At that age, most kids aren’t focused on anything that substantial or important. When I was that young, we were just looking to hook up or get drunk off our parents’ liquor. Not thinking about maintaining a future for guardianship of an older brother who was the only family she had, and who, unfortunately, was already in a stable foster home.

“It was hard. Fighting at such a young age for him when he was already established in a family with routines and whatnot. I’d been sucked into a few scams, losing thousands to lawyers who made broken promises, racking up debt. But, eventually, the day finally came, and with help from a close friend and a lawyer I couldn't afford, they awarded me legal guardianship.” She smiles to herself, her face suddenly mirroring that hope; remembering. “I felt like myself again for the first time in years. We slipped back into who we were, like we'd never been separated. Pickle and Collie were back.”
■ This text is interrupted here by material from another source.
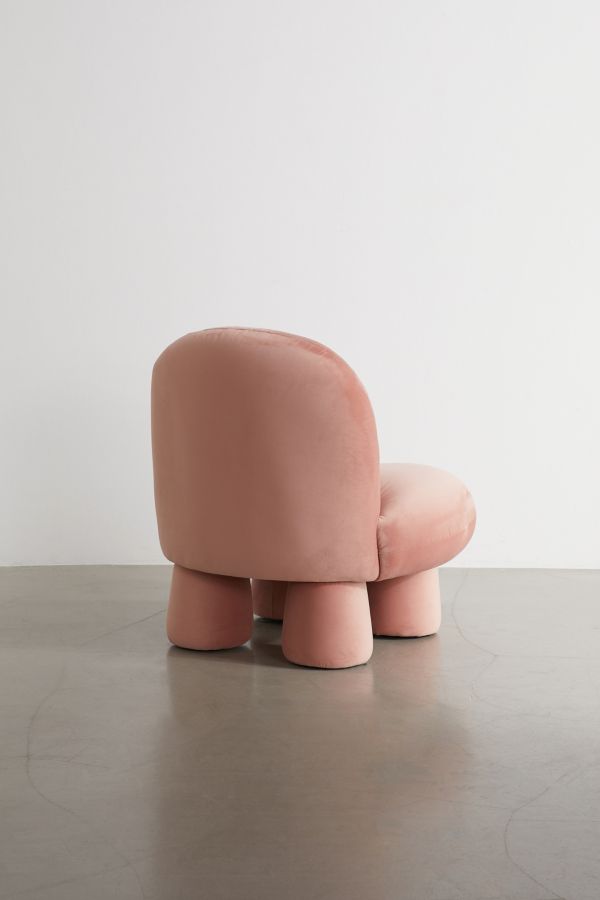 Slide View: 5: Pink Velvet Bubble Chair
Pride pounds through my chest as if it had happened to me. Like I was just reunited with my family again. Just listening to her detail the events makes me feel like I was a part of it. She's so fucking incredible it almost hurts.
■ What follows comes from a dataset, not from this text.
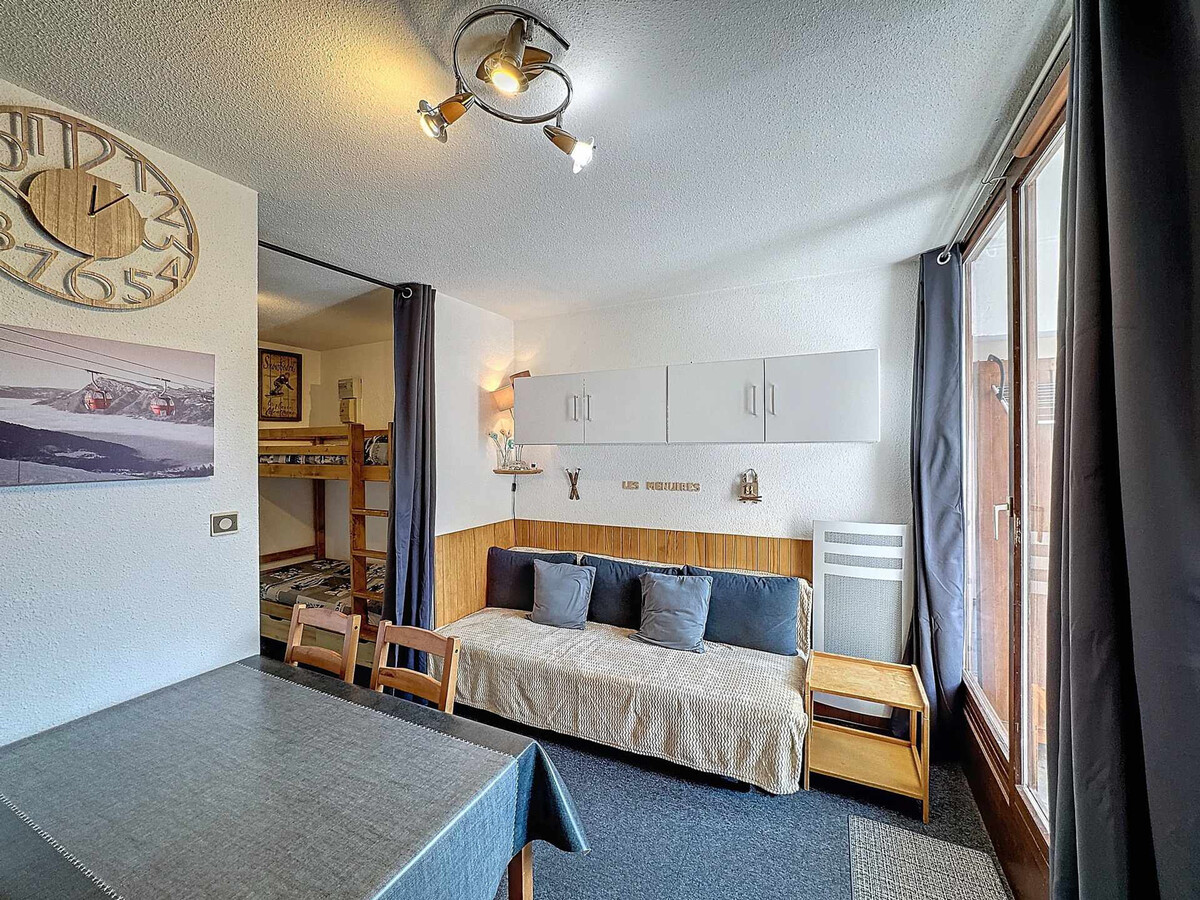 Appartement 24m² ski aux pieds, balcon sud-ouest, Les Menuires - Photo 3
She continued to put herself through school with grants and loans that she's informed me she's still paying back to this day. She solidified a life and career while always making sure Colin was not only cared for but had the best life possible, filled with his own opportunities and interests.

Struggle upon struggle, she details their hardships while I listen intently, holding onto her the entire time. But she also tells me the good stuff. Stories of how Colin taught her how to draw when they were kids. He took apart and built tiny toy cars and taught her about all the parts, the names, and what their functions were. How they bonded over NASCAR. He loved his “Pickle” because she listened to him and understood him when no one else did.

She touches on how they have their own special way of connecting when he has his meltdowns, as she describes them. I'm understanding her story now—the bruises, the selfless dedication to someone she loves, endlessly supporting and caring for him, and not exactly receiving that in return. It reminds me of someone else I hold very close to my heart.